Scraped caption text data
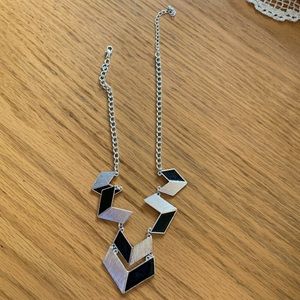 Silver/black etched necklace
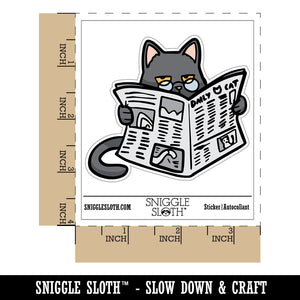 Disappointed Unimpressed Cat with Newspaper Waterproof Vinyl Phone Tablet Laptop Water Bottle Car Window Bumper Decal Sticker Set - 5 Pack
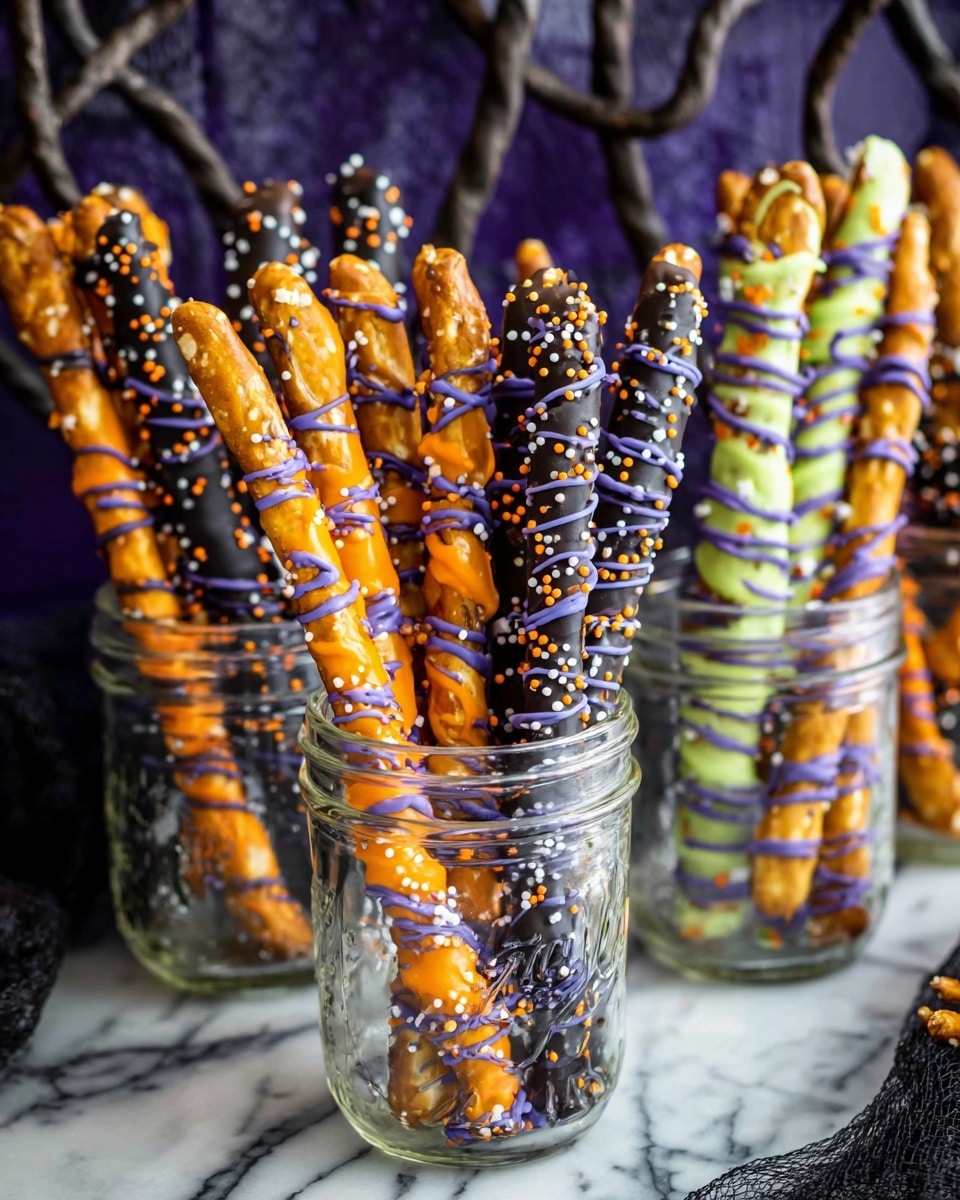 Several clear glass jars hold multiple pretzel sticks. Each pretzel stick is dipped in a thick colorful coating that covers about two-thirds of its length from the top. The coatings come in bright orange, dark purple, black, and light green, with some having small white and orange sprinkles or dots. Each stick is decorated with thin drizzles of contrasting colors like purple and orange. The jars are placed on a surface with a white marbled texture, and in the background, there is a dark twisted decoration adding a spooky vibe. Photo taken with an iphone --ar 4:5 --v 7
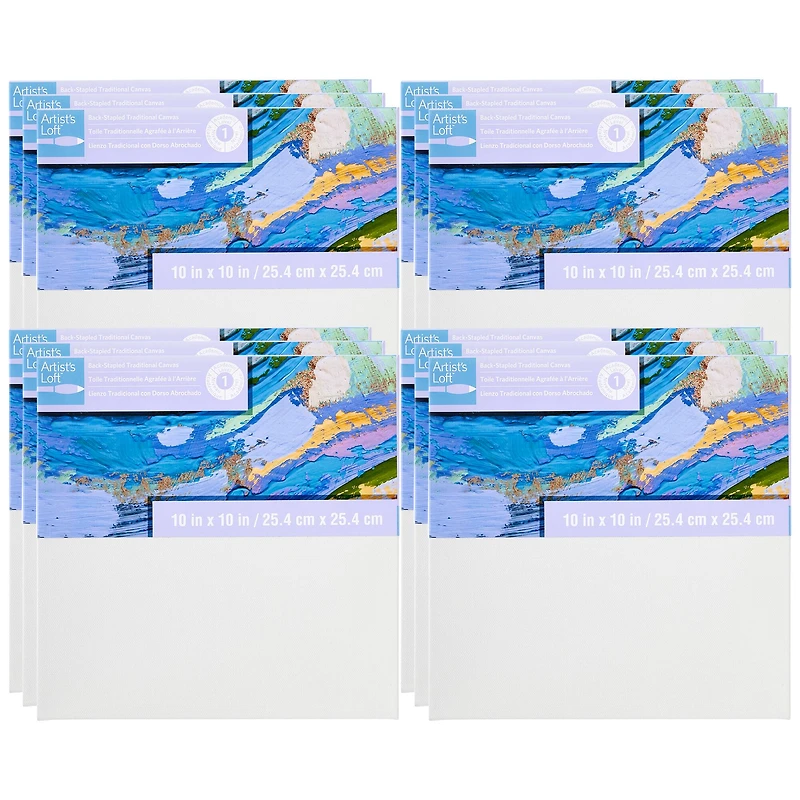 12 Pack: Level 1 Back Stapled Traditional Canvas by Artist's Loft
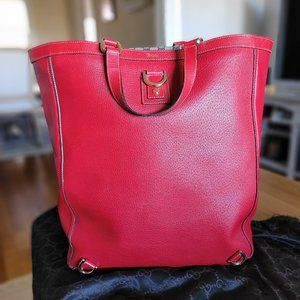 Gucci Deep Red Leather with Interior Logo Rim Tote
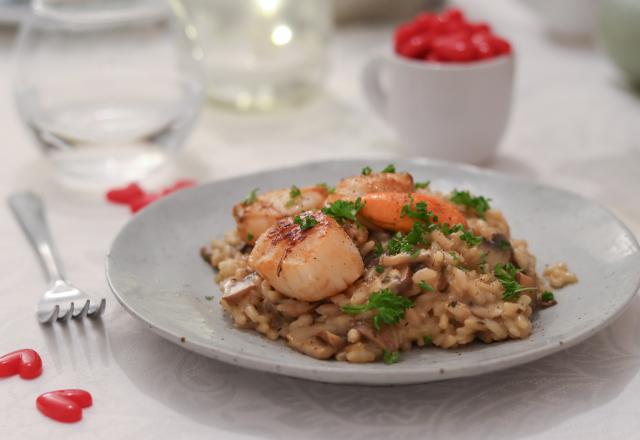 Risotto aux champignons et noix de Saint-Jacques au Thermomix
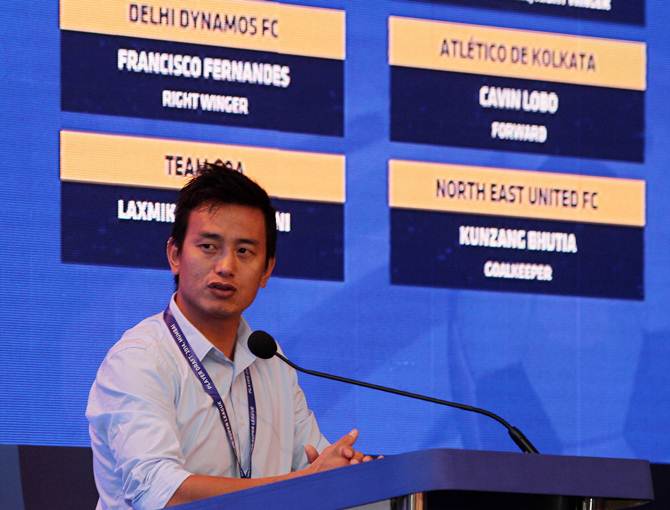 Former India captain Bhaichung Bhutia at the Central Domestic Player Draft on Day 1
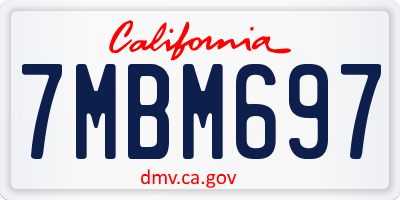 CA license plate 7MBM697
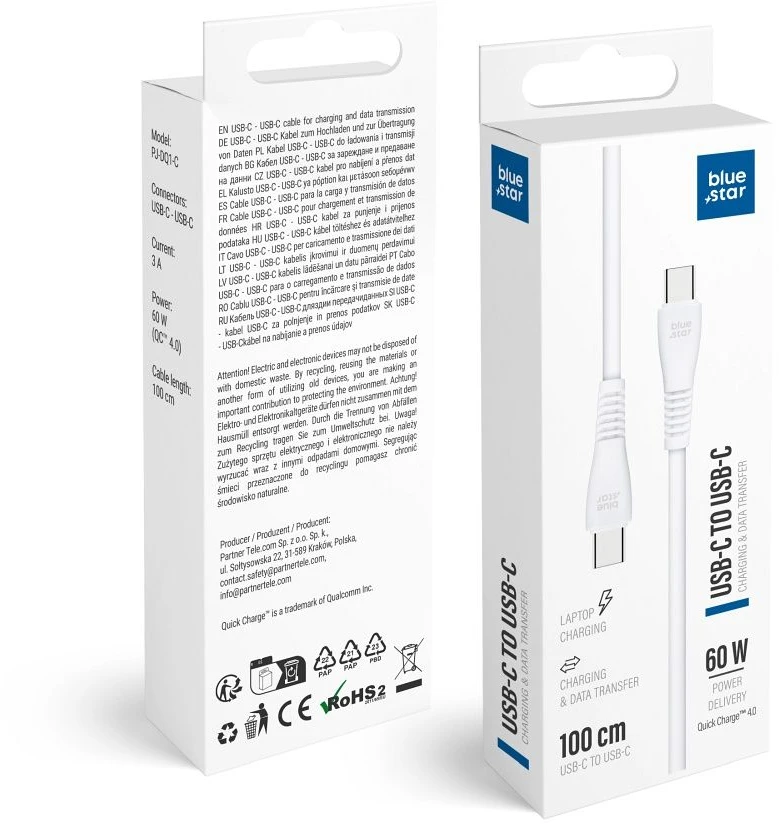 BlueStar USB C į USB C laidas Blue Star 3A 60W QC4.0 1 m PJ-DQ1-C baltas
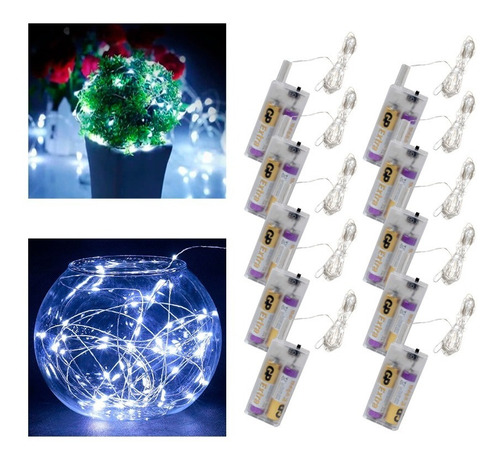 10 Tiras De Luz Led Para Globos Transparente Decoración Color De La Luz Blanco Frío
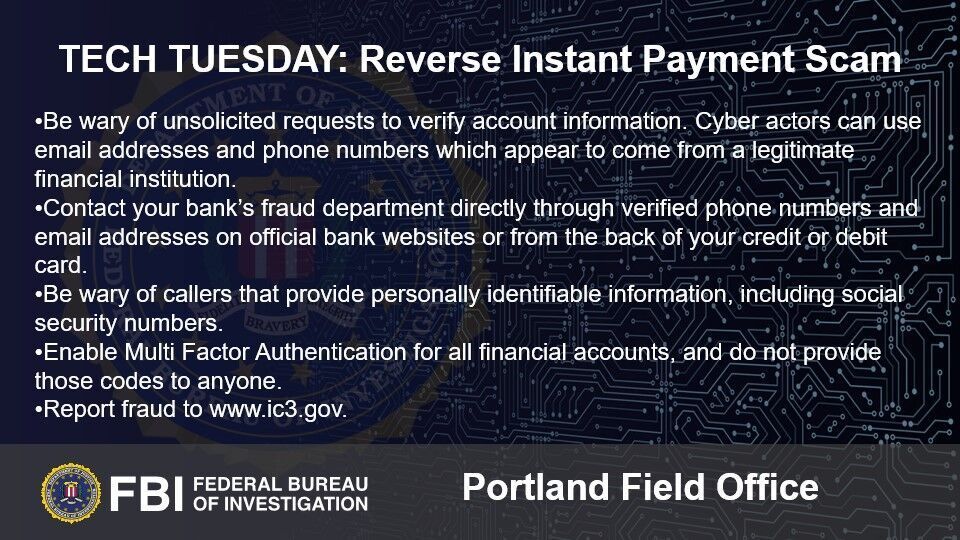 Tech Tuesday: Cybercriminals using a reverse instant payment scam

**Task brief:** Would you reproduce, exactly and with nothing added, every line from the beginning of the entries above through the line that contains "Disappointed Unimpressed Cat", both included, leaving out the pictures?

**Written answer:**
 Silver/black etched necklace
 Disappointed Unimpressed Cat with Newspaper Waterproof Vinyl Phone Tablet Laptop Water Bottle Car Window Bumper Decal Sticker Set - 5 Pack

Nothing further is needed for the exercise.